Remember that this project is an exercise in synthesis and critical review of the literature. It is not simply a regurgitation of the results of a small number of articles. You should not mention every article that has ever been published on your topic; instead, carefully select the articles you think are the most important and that enable you to cover the outline listed above. You should not cite articles that you have not read in their entirety (i.e. don’t cite from abstracts alone). The source for each figure, video or quote should be clearly identified in a footnote to the slide, and the important elements demonstrated in the figure should also be explained by one of the speakers.

Open Online Textbook

We are going to start building up an online resource for the course. This is from a concept called “open pedagogy”. Often, students complete excellent scholarly work as part of their courses, but the work does not have a life or use after the course is complete. Open pedagogy involves sharing and using that student work, to help other students in the future. (There will be optional alternate assignments for students who do not wish to share their work – these students/groups will still need to complete the literature review project).

The open textbook will contain both sections on course topics that support content that are covered in classes (to support student learning in the class). You can go into more detail than we cover in class. The open textbook will be set up on a UBC wiki, and will be available for future students to use and build on. All content submitted will be Creative Commons licensed for re-use, and must be shareable (i.e. no copyrighted images can be uploaded to the site, but links and embedding are okay). Further information about this will be presented in class.

There are several changes in the lit review project to facilitate this additional piece. First, the group size is larger, so the work is spread out more. And there is a smaller number of required articles (10 instead of 20), meaning that the analysis of the papers that are included can be more complete and accurate. There will be peer review on the textbook content, to help ensure accuracy and clarity. And the timing of the deliverables will be slightly different.

Graduate students will form groups together for this project, so they can have the same groups for this and the grad project.

Example topics

Important Note: Ensure that the topic you select is sufficiently focused to allow reasonable review in the time allowed. Some of the topics below are sufficiently focused, but most are larger areas and you will need to choose a narrower topic within the area.

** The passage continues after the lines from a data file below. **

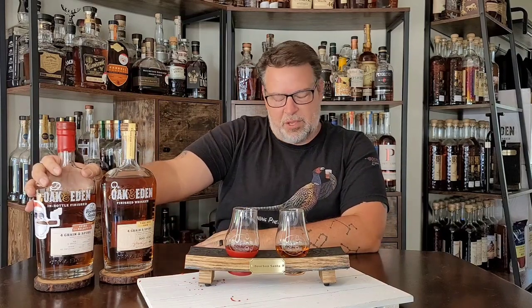This is my first store pick ever. This is the first pick that I had a hand in picking. I was the only hand in picking it for a local liquor store here in West Palm Beach — Inlet Harbor Liquors. And this is an Oak and Eden four grain Spire Select store pick.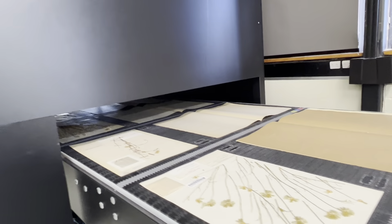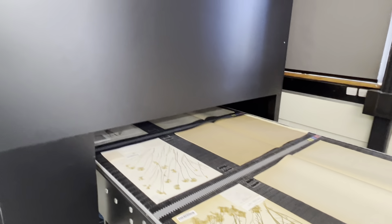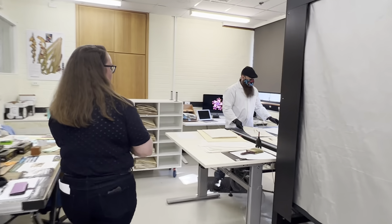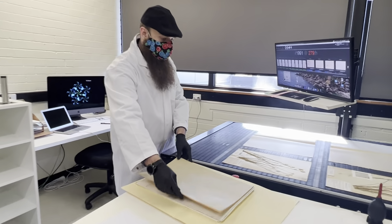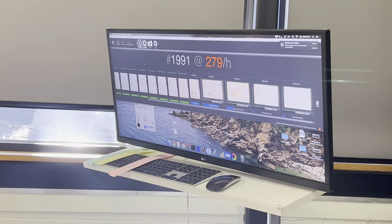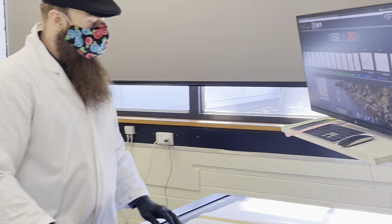The conveyor goes under the camera and an image is taken. At the other end, the person at the end of the conveyor belt checks the image to make sure it's been taken correctly and there are no errors. Then the pigeon hole is reconstructed in the right order and fits back in naturally, and it goes back into the collection.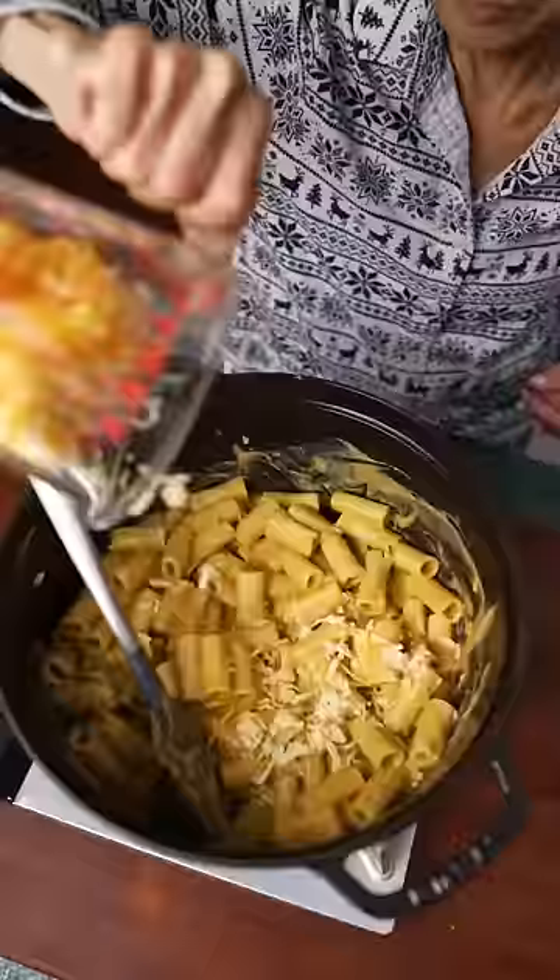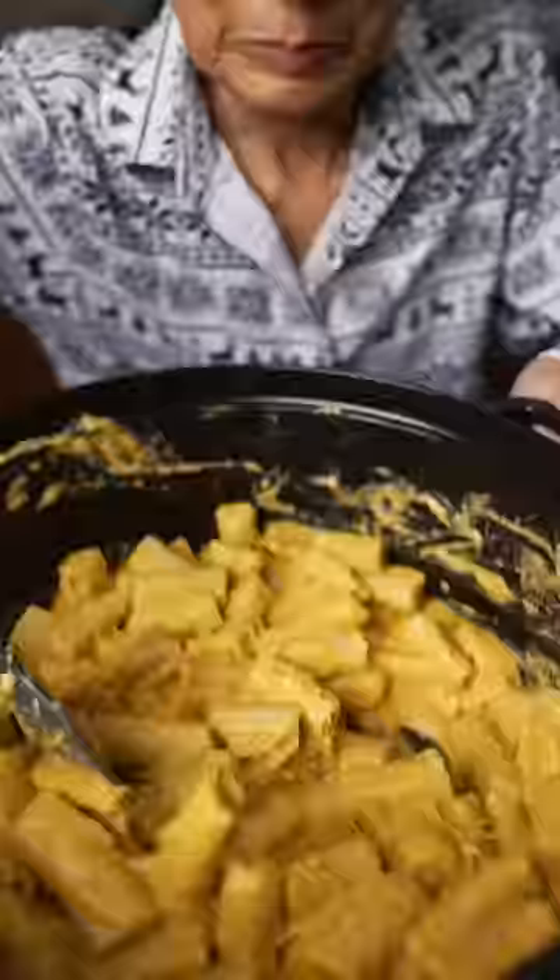Finally, add in the pasta and cheeses. That's what good pasta sounds like. It's nice and creamy and the squash is subtle.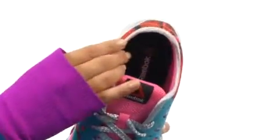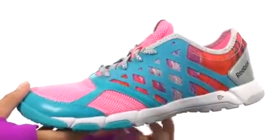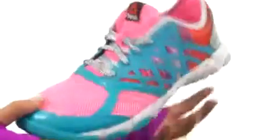We have a breathable mesh lining with a removable OrthoLite footbed, which is awesome here. See? Super cool. Then last but not least, we do have a wonderful midsole and a four front flex grooves flexibility outsole too.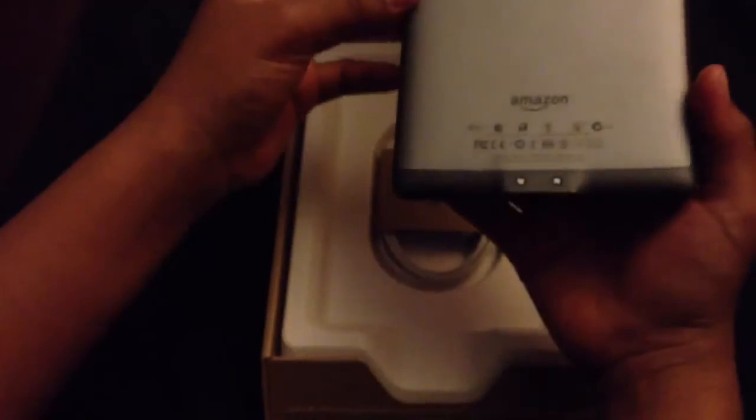Looks like a recycled plastic guide. I think it says start it up. Let's take a look.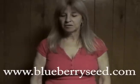Visit us at Bon Bons Blueberries at BlueberrySeed.com. If you have any questions on how to plant seeds or about blueberry plants, we'll be happy to answer them for you.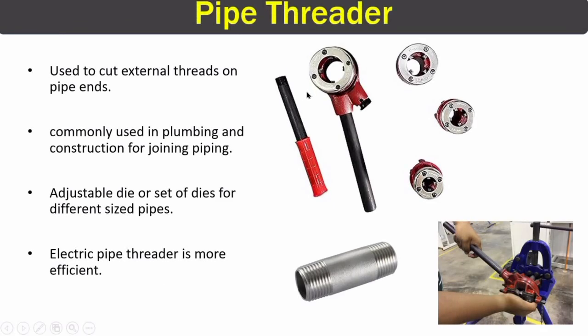The next piping tool is the pipe threader, also called ratchets or dies. They are commonly used in plumbing and construction for joining different pipes by making external threads on pipe ends. You can see external threads cut on a piping nipple — the pipe threader is used to cut these threads. They have adjustable dies for different pipe diameters, and while manual pipe threaders are available, electric pipe threaders are much more efficient.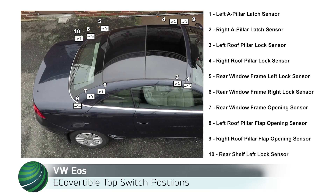Volkswagen EOS convertible top switch position testing using Autologix Drive Pro. Be sure the vehicle is connected to a vehicle power supply suitable for Volkswagen vehicles. In this video, the convertible top position switch nominal values are shown with the corresponding top positions.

Choose a topic in acute injury (like ACL tear, wrist fracture, spinal cord injury) rather than chronic injury (carpal tunnel and other repetitive stress injuries), as the course covers primarily acute injuries. It is very difficult to perform biomechanics research on chronic injuries, and you will have a lot of trouble completing this project if you choose such a chronic injury topic.

  • Specific topic: environmental factors (like flooring) in falls leading to hip fracture
  • General topic: geriatric injury
  • Child Restraint Injury Biomechanics
  • Anthropomorphic Test Devices
  • Biomechanics of Whiplash
  • Biomechanics of Intervertebral Disc Injury
  • Restraint of pregnant automobile occupants of late gestational stage
  • Geriatric Injury
  • Pediatric Injury
  • Brain Injury: Is it Translation or Rotation
  • Mild Traumatic Brain Injury
  • Spinal Cord Injury
  • Injury During Automotive Rollovers
  • Diving Injury: Natural vs. Pool environments
  • Skateboard or skiing or snowboarding injuries
  • Or suggest your own!

Resources

  • Will Engle and Rie Namba at CTLT and the Copyright UBC office are available to assist with issues around open licensing
  • Consider consulting with the mechanical engineering subject librarian, Sarah Parker, for help finding information outside the usual sources (i.e. grey literature, outside of pubmed, etc.).